How much should we be worried about Covid post-vaccination heart problems?

The son of a friend of mine, a student aged 20, developed myocarditis after his first Covid jab. Should he have his second, his mum asked me.

Myocarditis is inflammation of the heart muscle, and any mention of a heart problem will scare parents to death, but it’s not as bad as it may seem. Just how dangerous this side effect is still isn’t clear and, according to some experts, it might not be a cause for concern at all.

However, the US Food and Drug Administration has paused its approval of Moderna’s vaccine for adolescents – as it is reviewing data from Europe on the risk of myocarditis following mRNA vaccination used to combat Covid.

My friend’s son is unlucky. US data shows it’s a very rare condition, occurring in only about 70 out of a million vaccinations.
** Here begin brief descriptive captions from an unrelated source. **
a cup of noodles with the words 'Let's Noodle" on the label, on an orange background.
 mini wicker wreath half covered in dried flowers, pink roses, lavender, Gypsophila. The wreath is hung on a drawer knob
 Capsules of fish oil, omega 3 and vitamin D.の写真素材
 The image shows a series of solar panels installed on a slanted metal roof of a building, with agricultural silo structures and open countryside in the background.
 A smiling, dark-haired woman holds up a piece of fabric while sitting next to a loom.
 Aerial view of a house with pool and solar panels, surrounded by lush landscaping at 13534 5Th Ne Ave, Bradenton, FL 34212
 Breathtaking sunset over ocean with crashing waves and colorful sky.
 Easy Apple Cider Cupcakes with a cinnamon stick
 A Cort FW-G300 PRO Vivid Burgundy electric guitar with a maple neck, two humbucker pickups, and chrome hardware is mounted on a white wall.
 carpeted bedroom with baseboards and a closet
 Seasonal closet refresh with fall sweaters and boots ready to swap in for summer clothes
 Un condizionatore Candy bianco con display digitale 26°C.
But according to the EU, Moderna’s shot is more likely to cause this ­inflammation in adolescents. Several Scandinavian countries no longer give Moderna to people under 30.

But there’s good reason for ­optimism. US data from millions of vaccinations show the inflammation, when it occurs, goes away within a matter of days without any serious consequences. Sarah Long, a ­paediatric infectious disease expert at Drexel University College of Medicine, Pennsylvania, US, and a member of the vaccine advisory panel of the Centers for Disease Control and Prevention, thinks that the post-vaccine heart inflammation might be different from myocarditis from other causes. In fact, it’s so different, and less severe than typical myocarditis, she says, that giving it the same name has created unnecessary worry over the condition.

“Let’s not call this myocarditis,” Long says. “Give me a patient with vaccine-associated myopericarditis every day over one who has true viral myocarditis.”

Long says the inflammation from the vaccine is different from other heart inflammations as it isn’t concentrated in the heart muscle itself, it’s in the lining around it – the pericardium.

Moreover, the lining isn’t essential for a healthy heart. Long also points out that surgeons sometimes remove it ­altogether during heart ops and patients come to no harm – and the CDC hasn’t recorded a single death from the condition.

“In vaccine-related inflammation, everyone was up and running in five days,” says CDC scientist Matthew Oster.

Children experiencing chest pain is certainly nothing to be brushed off lightly, says Long.

“Nobody has died of myopericarditis, and children are dying of coronavirus,” she says. “So, of course, it’s a risk-benefit ratio that comes out in the direction of vaccination.” Wise words.